Another misconception of YTT is that you have to a super duper advance practitioner to participate. Unless you are applying for an advanced (300, 500, 800-hour, etc., or specialized) training, there are usually no/minimal requirements to sign up.

That said, I wouldn’t sign up for YTT if you haven’t been practicing some sort of yoga for at least a year or if you have any major/debilitating health issues or injuries. So don’t worry, you don’t have to be able to stand on your head for 10 minutes to sign up!

6. Size:

This goes back to what kind of learner you are. Would you rather be in a small, intimate group setting or with a group of let’s say, 20-30 other yogis– your choice!

7. Former Grads, References & Reputation:

The best way to get to know the ins and outs of a yoga teacher training program is to talk to former graduates of the program. A good way to start is by looking at the lead teachers that are running the training– if you already have a relationship with them, ask them about it!

Know anyone that has completed the training? Ask them what they thought (and then ask them if you can borrow their books). Many studios hold open YTT Q&A sessions as well. That’s a great way to get to know about the teacher’s involved, meet some other potential trainees and get a feel for the program.

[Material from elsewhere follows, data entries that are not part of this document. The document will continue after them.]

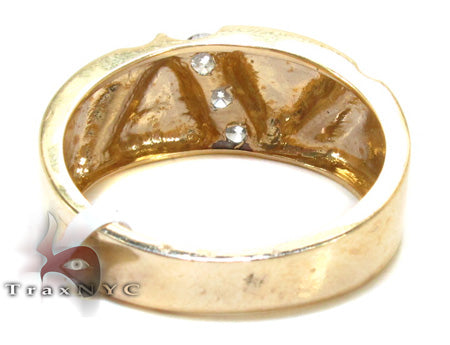 Mens 14K Gold Channel Diamond Ring, photo 6 of 7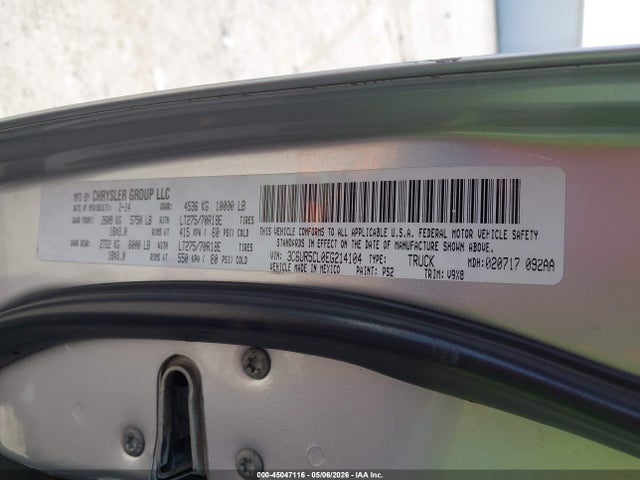 Продаж на аукціоні авто 2014 Ram 2500 Tradesman, vin: 3C6UR5CL0EG214104, номер лоту: 45047116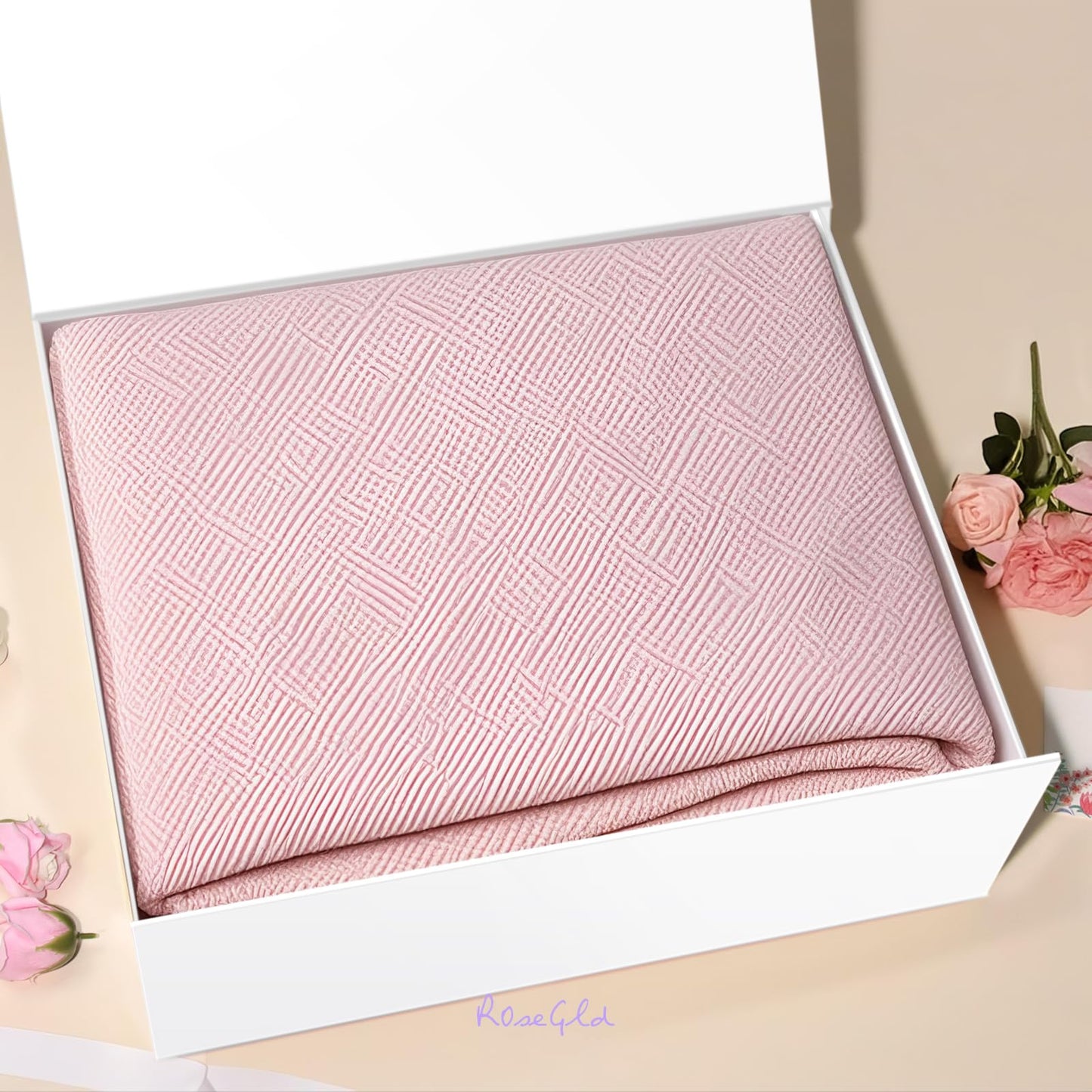 ROSEGLD Extra Large Gift Box 20x16x7.2 Inches, Giant White Magnetic Gift Box with lids for Presents, Bridesmaid Proposal Box (Glossy White)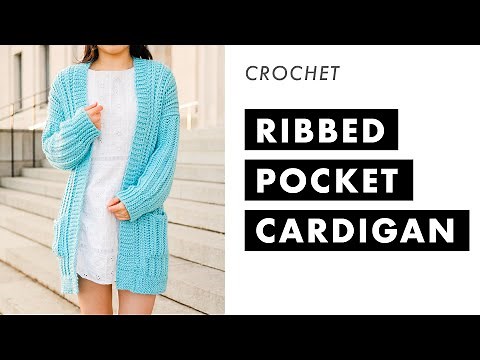 Simple Long Ribbed Cardigan with Pockets! Chunky Fall Sweater DIY Tutorial + Free Pattern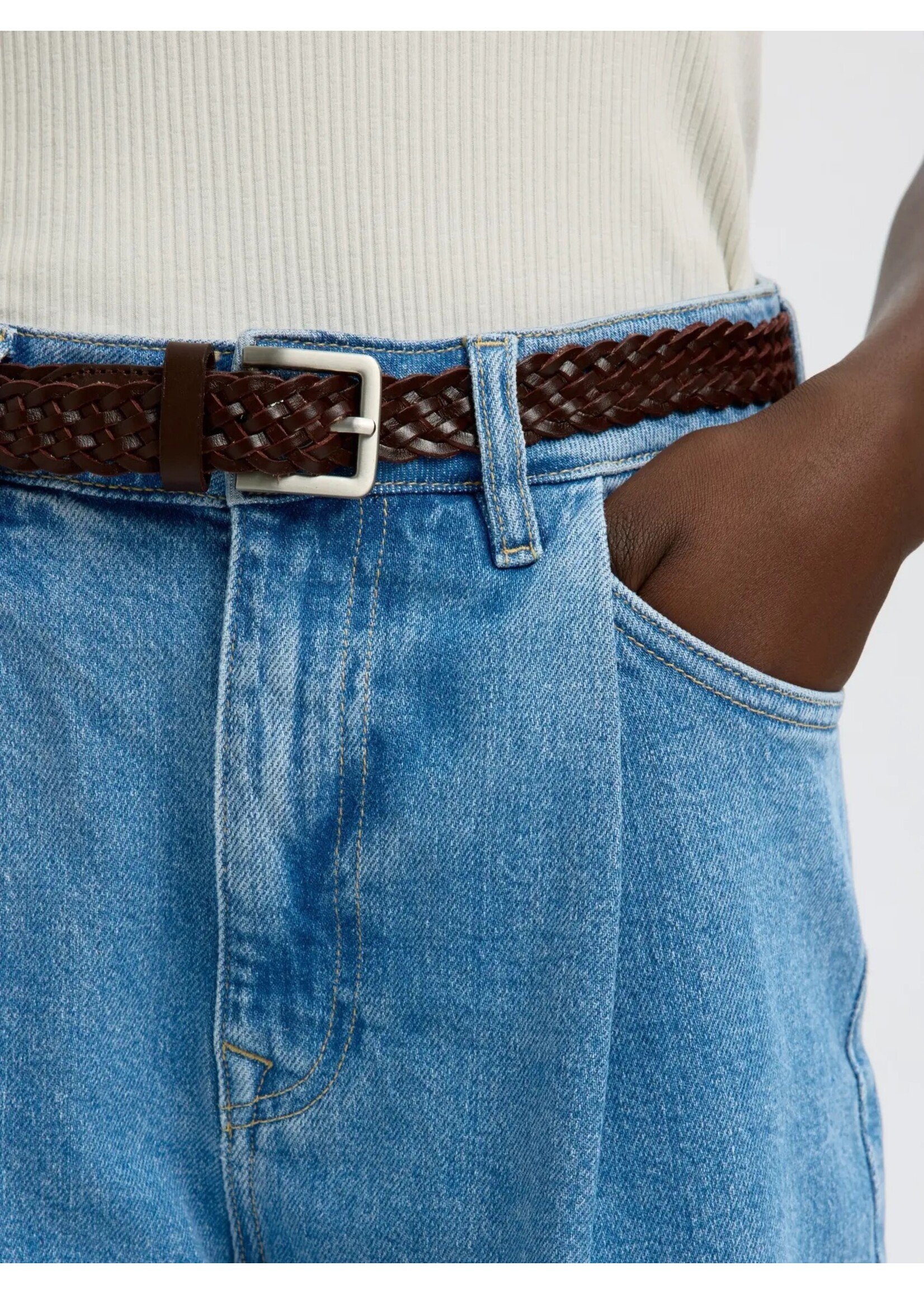 SELECTED FEMME SLFWIDE MERLE-KORI HW DENIM SHORTS LIGHT BLUE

Last of all, don’t be afraid to ask for or review a list of references (many places already post feedback on their website). It’s a big decision, so ask as many questions as you need and do your homework before taking the plunge.

Good luck and let us know where you end up receiving your yoga teacher training certificate!

*This post is all about Yoga Teacher Training programs in the DC metro area. There are lots of trainings all over the country and abroad. If you decide to go train in Costa Rica for a month– please do, and then come back and tell us all about it!